Up to and including the line with "Draped Corset Midaxi Dress in Blush", please set down the entries below exactly, starting from the first line.

Stored data entries
- Opening Delimiter -

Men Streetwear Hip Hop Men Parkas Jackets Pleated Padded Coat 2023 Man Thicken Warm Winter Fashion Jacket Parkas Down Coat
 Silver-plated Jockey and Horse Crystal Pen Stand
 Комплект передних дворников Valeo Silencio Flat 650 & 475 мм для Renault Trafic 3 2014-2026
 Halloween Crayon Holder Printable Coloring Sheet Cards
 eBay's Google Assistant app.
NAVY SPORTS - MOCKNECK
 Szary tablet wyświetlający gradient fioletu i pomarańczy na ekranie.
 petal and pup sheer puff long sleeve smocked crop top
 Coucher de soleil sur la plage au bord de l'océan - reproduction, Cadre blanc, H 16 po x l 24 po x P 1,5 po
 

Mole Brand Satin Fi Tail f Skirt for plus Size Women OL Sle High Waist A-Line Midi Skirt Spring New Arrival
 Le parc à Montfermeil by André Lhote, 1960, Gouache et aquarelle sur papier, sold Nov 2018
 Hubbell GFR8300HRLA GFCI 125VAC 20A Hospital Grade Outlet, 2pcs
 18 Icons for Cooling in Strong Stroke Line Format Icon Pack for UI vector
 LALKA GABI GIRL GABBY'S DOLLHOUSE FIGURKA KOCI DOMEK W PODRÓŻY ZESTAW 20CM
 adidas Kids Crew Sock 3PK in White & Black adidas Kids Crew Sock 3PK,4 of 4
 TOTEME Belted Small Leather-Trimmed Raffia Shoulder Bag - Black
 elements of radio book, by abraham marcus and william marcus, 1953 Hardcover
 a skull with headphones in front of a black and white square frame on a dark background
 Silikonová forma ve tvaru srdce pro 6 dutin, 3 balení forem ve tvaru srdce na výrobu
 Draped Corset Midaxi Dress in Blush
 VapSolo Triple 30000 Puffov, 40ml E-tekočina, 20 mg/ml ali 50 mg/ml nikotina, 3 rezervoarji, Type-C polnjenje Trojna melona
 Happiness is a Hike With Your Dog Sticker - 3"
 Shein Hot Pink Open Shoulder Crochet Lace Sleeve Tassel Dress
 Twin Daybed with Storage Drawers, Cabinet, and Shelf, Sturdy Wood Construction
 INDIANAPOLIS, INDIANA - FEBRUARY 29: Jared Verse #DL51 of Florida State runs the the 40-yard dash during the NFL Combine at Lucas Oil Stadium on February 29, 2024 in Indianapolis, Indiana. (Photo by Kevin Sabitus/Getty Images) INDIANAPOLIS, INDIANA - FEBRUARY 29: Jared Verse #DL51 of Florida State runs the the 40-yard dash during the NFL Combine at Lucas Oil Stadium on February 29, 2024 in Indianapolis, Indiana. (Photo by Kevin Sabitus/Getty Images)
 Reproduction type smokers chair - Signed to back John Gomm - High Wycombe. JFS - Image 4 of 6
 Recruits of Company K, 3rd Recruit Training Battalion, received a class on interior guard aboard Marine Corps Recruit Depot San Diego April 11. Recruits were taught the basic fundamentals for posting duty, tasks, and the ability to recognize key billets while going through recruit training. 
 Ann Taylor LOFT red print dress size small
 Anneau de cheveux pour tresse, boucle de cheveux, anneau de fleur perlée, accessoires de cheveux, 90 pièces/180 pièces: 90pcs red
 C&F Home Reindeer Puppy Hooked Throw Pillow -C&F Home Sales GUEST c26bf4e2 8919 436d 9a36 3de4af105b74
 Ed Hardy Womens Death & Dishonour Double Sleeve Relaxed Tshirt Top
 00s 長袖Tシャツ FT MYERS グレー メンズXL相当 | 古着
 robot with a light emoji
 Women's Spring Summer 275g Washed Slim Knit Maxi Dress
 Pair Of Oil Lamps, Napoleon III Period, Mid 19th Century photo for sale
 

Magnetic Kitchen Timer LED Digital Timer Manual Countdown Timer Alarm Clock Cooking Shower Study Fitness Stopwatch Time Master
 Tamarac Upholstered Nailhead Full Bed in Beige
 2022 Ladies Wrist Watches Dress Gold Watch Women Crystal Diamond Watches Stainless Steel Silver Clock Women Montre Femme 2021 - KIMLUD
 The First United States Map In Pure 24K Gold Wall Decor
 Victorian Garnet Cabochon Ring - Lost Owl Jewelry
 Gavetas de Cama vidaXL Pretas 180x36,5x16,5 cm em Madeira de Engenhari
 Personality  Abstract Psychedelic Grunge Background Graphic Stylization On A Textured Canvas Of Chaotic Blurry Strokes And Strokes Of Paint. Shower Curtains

- Closing Delimiter -

= EXPECTED ANSWER =
Men Streetwear Hip Hop Men Parkas Jackets Pleated Padded Coat 2023 Man Thicken Warm Winter Fashion Jacket Parkas Down Coat
 Silver-plated Jockey and Horse Crystal Pen Stand
 Комплект передних дворников Valeo Silencio Flat 650 & 475 мм для Renault Trafic 3 2014-2026
 Halloween Crayon Holder Printable Coloring Sheet Cards
 eBay's Google Assistant app.
NAVY SPORTS - MOCKNECK
 Szary tablet wyświetlający gradient fioletu i pomarańczy na ekranie.
 petal and pup sheer puff long sleeve smocked crop top
 Coucher de soleil sur la plage au bord de l'océan - reproduction, Cadre blanc, H 16 po x l 24 po x P 1,5 po
 

Mole Brand Satin Fi Tail f Skirt for plus Size Women OL Sle High Waist A-Line Midi Skirt Spring New Arrival
 Le parc à Montfermeil by André Lhote, 1960, Gouache et aquarelle sur papier, sold Nov 2018
 Hubbell GFR8300HRLA GFCI 125VAC 20A Hospital Grade Outlet, 2pcs
 18 Icons for Cooling in Strong Stroke Line Format Icon Pack for UI vector
 LALKA GABI GIRL GABBY'S DOLLHOUSE FIGURKA KOCI DOMEK W PODRÓŻY ZESTAW 20CM
 adidas Kids Crew Sock 3PK in White & Black adidas Kids Crew Sock 3PK,4 of 4
 TOTEME Belted Small Leather-Trimmed Raffia Shoulder Bag - Black
 elements of radio book, by abraham marcus and william marcus, 1953 Hardcover
 a skull with headphones in front of a black and white square frame on a dark background
 Silikonová forma ve tvaru srdce pro 6 dutin, 3 balení forem ve tvaru srdce na výrobu
 Draped Corset Midaxi Dress in Blush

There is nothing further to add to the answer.